▶ [GOAL OF THE EXERCISE] Copy out the data below from the line containing "国际快递哪个公司好？物业企业必看的5家可靠服务商对比" to the line containing "2000's Super Hits", both lines included, with all images left out.

▶ [DATA SUPPLIED]
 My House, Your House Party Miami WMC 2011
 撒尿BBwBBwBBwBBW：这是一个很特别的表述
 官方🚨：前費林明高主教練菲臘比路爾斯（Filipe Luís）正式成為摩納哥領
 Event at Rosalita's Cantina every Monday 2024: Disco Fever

==

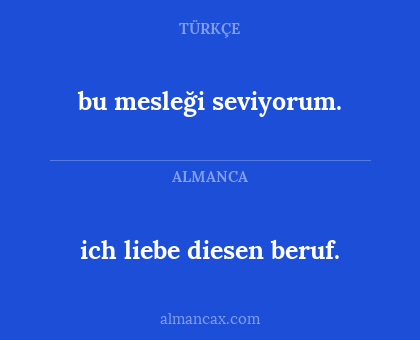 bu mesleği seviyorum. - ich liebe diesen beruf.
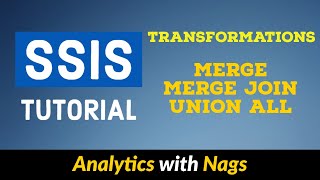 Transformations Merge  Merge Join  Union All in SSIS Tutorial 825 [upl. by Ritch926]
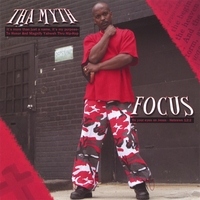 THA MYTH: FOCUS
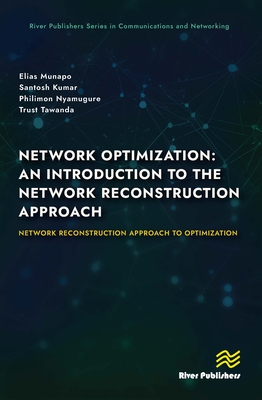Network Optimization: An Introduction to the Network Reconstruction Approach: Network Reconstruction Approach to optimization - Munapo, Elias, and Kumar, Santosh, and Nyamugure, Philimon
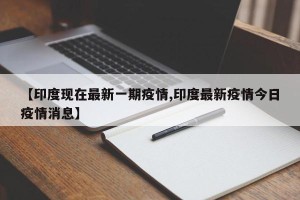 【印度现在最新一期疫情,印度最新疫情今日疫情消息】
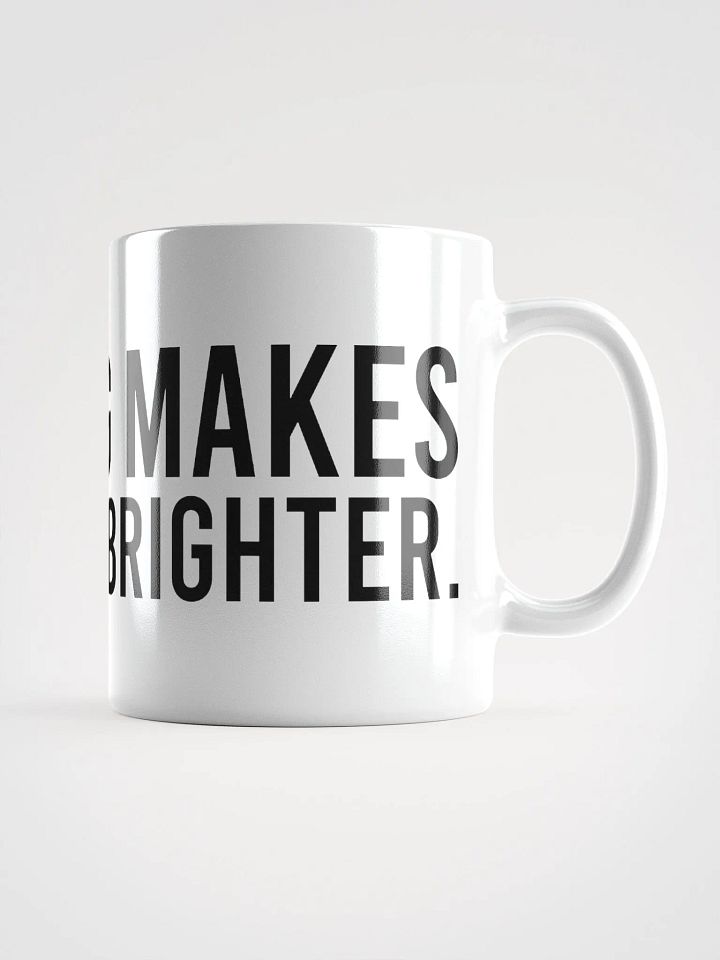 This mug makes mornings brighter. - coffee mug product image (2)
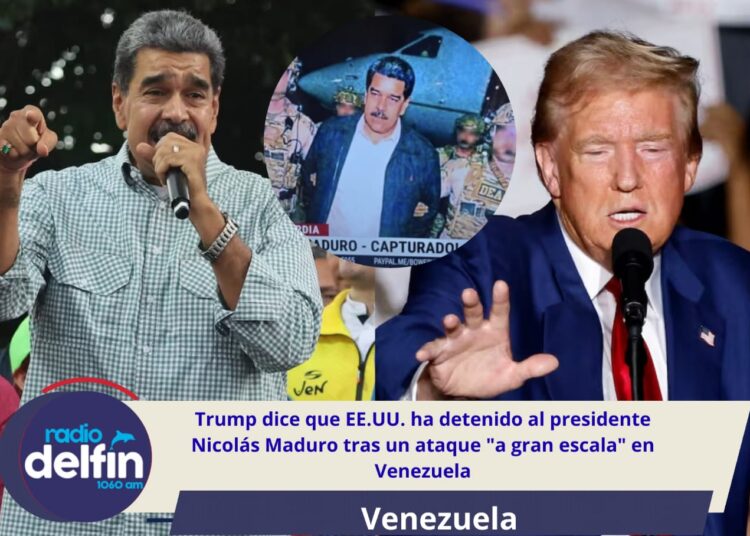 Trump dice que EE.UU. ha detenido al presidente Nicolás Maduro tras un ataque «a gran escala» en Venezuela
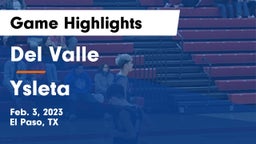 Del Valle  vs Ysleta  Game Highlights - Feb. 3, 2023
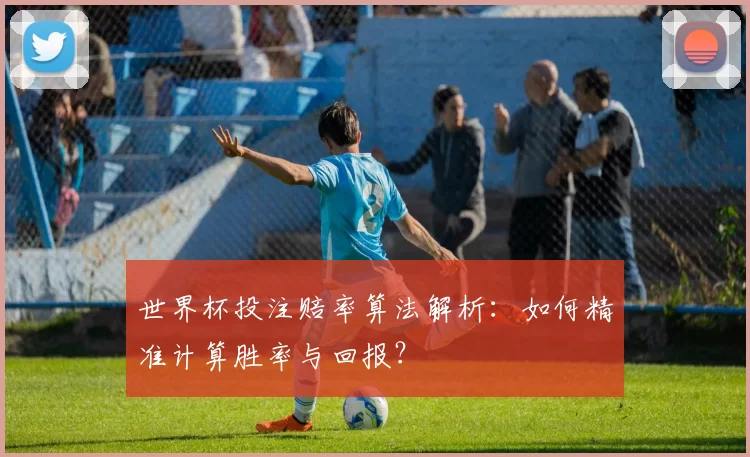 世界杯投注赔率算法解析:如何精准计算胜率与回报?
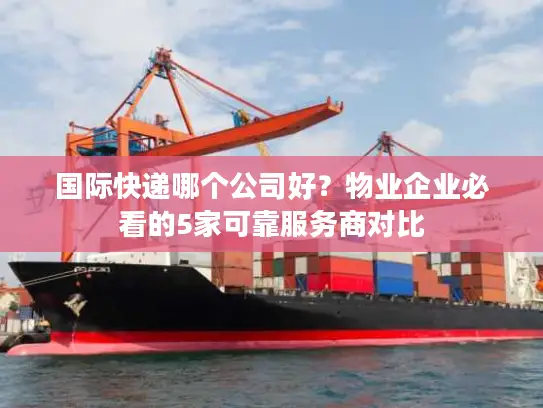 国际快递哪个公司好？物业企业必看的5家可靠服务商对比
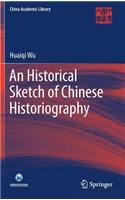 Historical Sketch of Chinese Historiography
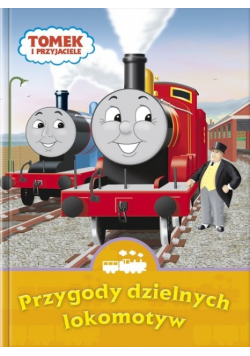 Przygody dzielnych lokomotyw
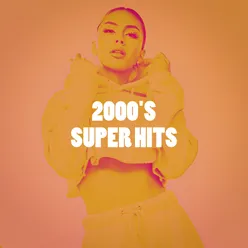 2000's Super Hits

...

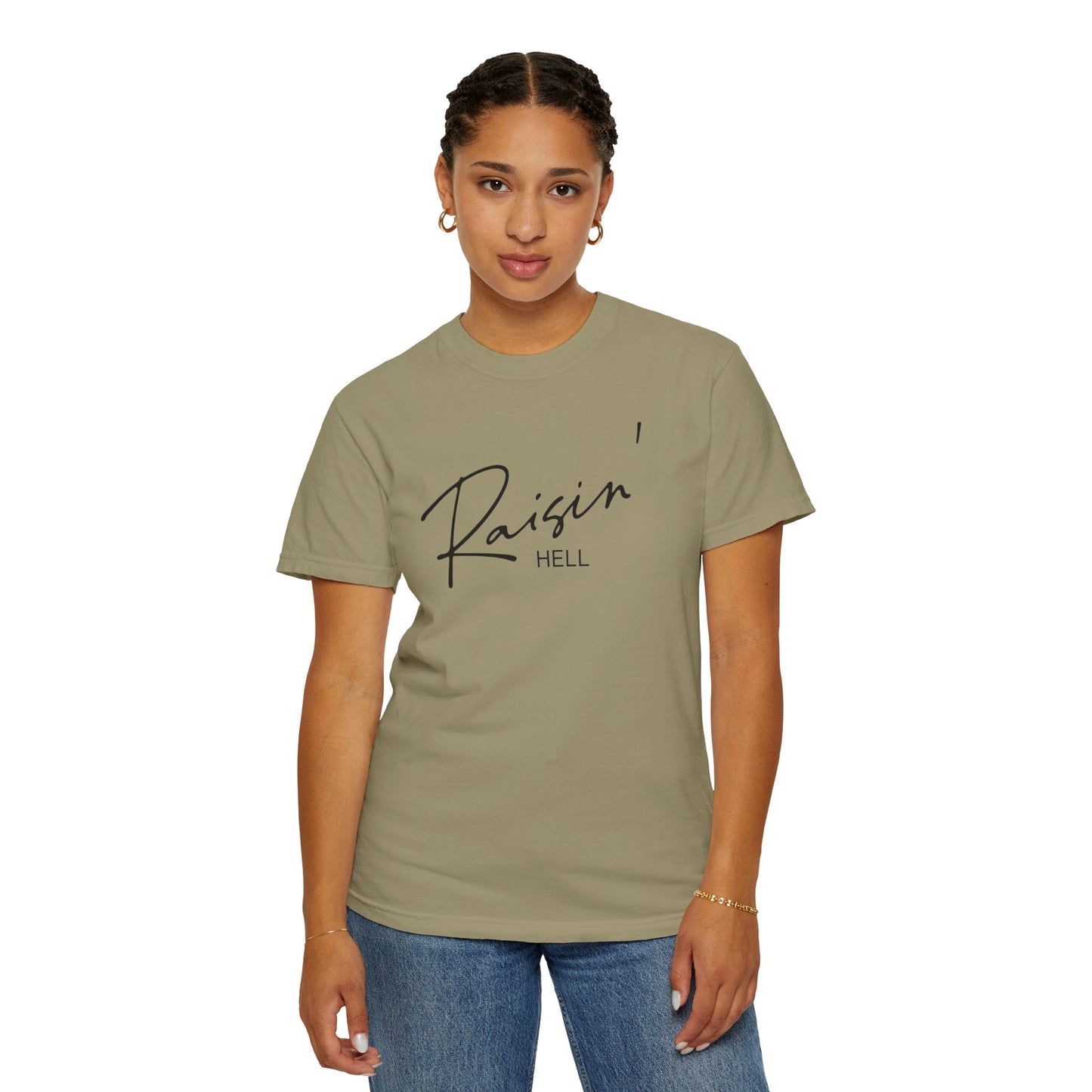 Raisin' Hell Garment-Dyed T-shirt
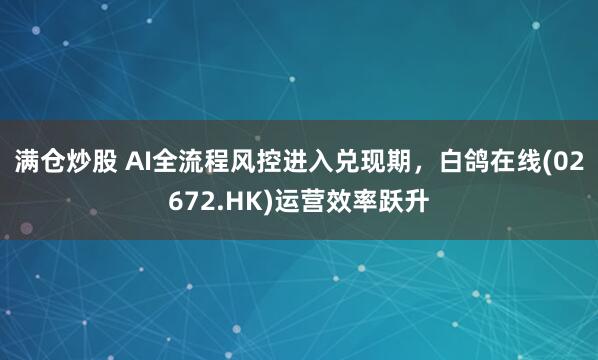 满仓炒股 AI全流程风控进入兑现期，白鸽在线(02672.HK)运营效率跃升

▶ [YOUR RESPONSE]
 国际快递哪个公司好？物业企业必看的5家可靠服务商对比
 Historical Sketch of Chinese Historiography
 Przygody dzielnych lokomotyw
 2000's Super Hits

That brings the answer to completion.